Protect your business with a strong cybersecurity strategy
By Chad Mercer
Cyberattacks can cause business disruptions that lead to defective products, production downtime, physical damage, tarnished brand and reputation and angry customers - and the unfortunate truth is these attacks are not as rare as one would like to think: The 2016 IBM X-Force Research report found a 64 percent increase in cybersecurity incidents in 2015 over 2014.
One of the most important assets an enterprise must protect is its wireless network. Wireless networks are susceptible to a number of cybersecurity threats, and to ensure a business's wireless network is not creating risks, enterprises should utilize five best practices.
1. Role-Based Access: Some IT operations have an admin role - a super user - that controls everything, but that creates only one entry point into the network, and the admin role becomes the weakest link. If the admin is inadvertently compromised, so, too, is the keying material used to provide encryption and other trust mechanisms.
Other roles should be incorporated, such as security administrator: a completely different account from the admin that manages the security configuration of the various network devices. Both the admin and security admin roles should require dual identification to access the network. This means using not just a password, but also a second identifying element like a hardware token or certificate - something that this role must physically possess to identify itself. This eliminates the single point of failure created by using just a password.
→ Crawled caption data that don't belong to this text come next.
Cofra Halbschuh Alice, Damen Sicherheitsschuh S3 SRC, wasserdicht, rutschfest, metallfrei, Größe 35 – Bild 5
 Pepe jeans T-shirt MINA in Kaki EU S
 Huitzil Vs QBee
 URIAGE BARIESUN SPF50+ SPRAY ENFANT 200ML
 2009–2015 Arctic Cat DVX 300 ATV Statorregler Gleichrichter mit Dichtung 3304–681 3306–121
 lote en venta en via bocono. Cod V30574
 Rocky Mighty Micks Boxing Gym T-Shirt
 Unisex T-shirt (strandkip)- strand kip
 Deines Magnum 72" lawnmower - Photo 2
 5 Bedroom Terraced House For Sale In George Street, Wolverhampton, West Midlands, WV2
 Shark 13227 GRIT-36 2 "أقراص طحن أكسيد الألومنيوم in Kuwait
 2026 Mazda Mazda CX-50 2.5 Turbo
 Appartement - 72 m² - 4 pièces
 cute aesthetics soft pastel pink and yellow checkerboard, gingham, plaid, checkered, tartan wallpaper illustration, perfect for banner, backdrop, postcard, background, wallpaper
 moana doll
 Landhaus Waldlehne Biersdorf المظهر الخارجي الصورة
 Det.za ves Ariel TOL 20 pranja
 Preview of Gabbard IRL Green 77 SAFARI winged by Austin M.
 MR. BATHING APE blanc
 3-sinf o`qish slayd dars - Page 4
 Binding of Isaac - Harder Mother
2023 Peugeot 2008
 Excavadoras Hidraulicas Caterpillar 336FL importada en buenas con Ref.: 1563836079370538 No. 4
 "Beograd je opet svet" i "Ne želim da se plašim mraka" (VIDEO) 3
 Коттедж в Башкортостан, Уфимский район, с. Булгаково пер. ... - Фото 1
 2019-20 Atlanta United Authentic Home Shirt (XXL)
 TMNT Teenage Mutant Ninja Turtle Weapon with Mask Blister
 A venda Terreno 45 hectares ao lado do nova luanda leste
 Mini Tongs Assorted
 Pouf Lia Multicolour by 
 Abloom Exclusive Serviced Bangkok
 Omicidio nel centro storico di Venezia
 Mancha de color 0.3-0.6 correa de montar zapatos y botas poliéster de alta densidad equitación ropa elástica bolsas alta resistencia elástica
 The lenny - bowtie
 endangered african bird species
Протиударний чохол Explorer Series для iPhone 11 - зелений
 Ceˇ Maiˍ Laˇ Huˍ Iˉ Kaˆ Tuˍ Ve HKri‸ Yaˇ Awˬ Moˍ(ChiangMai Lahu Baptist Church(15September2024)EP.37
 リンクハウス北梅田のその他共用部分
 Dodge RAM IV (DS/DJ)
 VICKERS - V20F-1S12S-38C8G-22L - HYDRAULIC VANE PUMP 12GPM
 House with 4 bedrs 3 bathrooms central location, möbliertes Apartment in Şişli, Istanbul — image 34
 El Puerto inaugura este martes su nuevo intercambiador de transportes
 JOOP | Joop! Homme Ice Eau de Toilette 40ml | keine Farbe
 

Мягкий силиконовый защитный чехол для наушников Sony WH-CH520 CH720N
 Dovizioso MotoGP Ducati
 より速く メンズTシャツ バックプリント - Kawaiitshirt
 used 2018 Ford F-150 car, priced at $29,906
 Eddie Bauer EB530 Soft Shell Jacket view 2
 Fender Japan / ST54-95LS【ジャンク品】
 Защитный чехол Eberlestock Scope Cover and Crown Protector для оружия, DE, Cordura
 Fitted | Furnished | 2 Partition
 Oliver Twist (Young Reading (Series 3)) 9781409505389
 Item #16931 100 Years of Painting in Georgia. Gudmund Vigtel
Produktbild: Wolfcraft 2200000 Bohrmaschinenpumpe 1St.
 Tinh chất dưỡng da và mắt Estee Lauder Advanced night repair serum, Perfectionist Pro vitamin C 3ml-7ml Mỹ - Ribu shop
Other roles may also be created, such as generic user accounts that let other employees or external customers to log in with read-only accounts, but don't let them directly control it.
2. Encryption and Authentication Protocols: Strong layers of encryption and authentication are one of the simplest ways to minimize the risk of cyberattacks. They protect against traffic analysis threats and keep attackers or adversaries from being able to "sniff" information off the wireless network. AES-256 encryption - considered among the top ciphers, and theoretically uncrackable - is recommended for an enterprise's wireless network. Additionally, a strong authentication algorithm, such as Galois Counter Mode (GCM) or Counter with CBC MAC (CCM), should be used in conjunction with the encryption algorithm.
However, it's also important to ensure that the network devices providing the encryption and authentication protocols have sufficient processing bandwidth, so that enabling these high-strength security protocols don't inadvertently slow down overall wireless throughput and connectivity, which can impact real-time data flow.
3. Securing IoT Devices: As businesses begin adding smart devices to their infrastructure, they have to be wary of one of the biggest challenges of IoT: the inherent vulnerability of these devices.
One of their weaknesses is that many devices don't have the security mechanisms to detect unauthorized software updates. If a device's simple password protection mechanism is compromised, adversaries can send non-authorized software updates to the device. The device will accept and process it, and may appear to be running normally, but instead that "update" is functioning as a back door into the network, or even turns that device into a "robot" that can scan the internal network for information or even be used to carry out denial-of-service attacks.
IT can protect against these attacks by ensuring that the device only accepts software updates that come from trusted sources. This can be accomplished by requiring devices to only accept digitally signed software distributions, which is a certificate-based concept that allows a device to check a digital signature on the software update and compute whether or not it is trusted software. If the digital code doesn't match, then the device will reject the update, which prevents unauthorized software from getting into the system.
4. Secured Key Distribution: Each wireless access point or security router within a system must be set up with the same key so they can all communicate with each other.
This sometimes entails IT personnel going to each device manually, connecting to each one and typing in a common static secret key - which is an effective secure-channel keying approach, but not efficient from an operational standpoint. The operational inefficiency impact can often result in a weak security configuration, such as keys not being changed often, or keys being known by more than one IT personnel, which exposes potential key leaks due to social engineering type of attacks. Once a key is known by an adversary, they can use it not only to decipher encrypted traffic at that moment, but also for past encrypted communications that they might have sniffed from the wireless network.
Newer devices allow each access point to be remotely keyed, but these access points should be designed to leverage some of the stronger security protocols that are out there, such as derived shared secret algorithms: Each element can conduct a secure message exchange that allows it to generate a shared secret that only it can access. The shared secret is then used to derive other internal keys that are used to encrypt (i.e., wrap) the actual network traffic key prior to transmission to the device requiring keying. The receiving device uses its internal shared secret to decrypt the received wrapped network key and then use it for secure communications.
Perfect forward secrecy is another property of secure communication protocols in which compromise of long-term keys does not affect past session keys, helping protect past sessions against future compromises of secret keys or passwords. As such, secured key distribution - with shared secret derivation using perfect forward secrecy - is the recommended approach when keying each element of the network.
5. Logging: For all elements and components in a network, everything needs to be able to log any type of security-related access or modification. If an adversary does cause some kind of disruption, those logs will help IT figure out what elements have been compromised and how far that attack went.
It seems simple, but if an attack occurs and there is no logging, there is no way to trace when something happened and where on the network it happened - and that necessitates shutting everything down and starting from scratch.
By taking steps to secure a wireless network, enterprises can reduce their risk of security issues and cyber attacks, protecting their own data as well as that of their customers.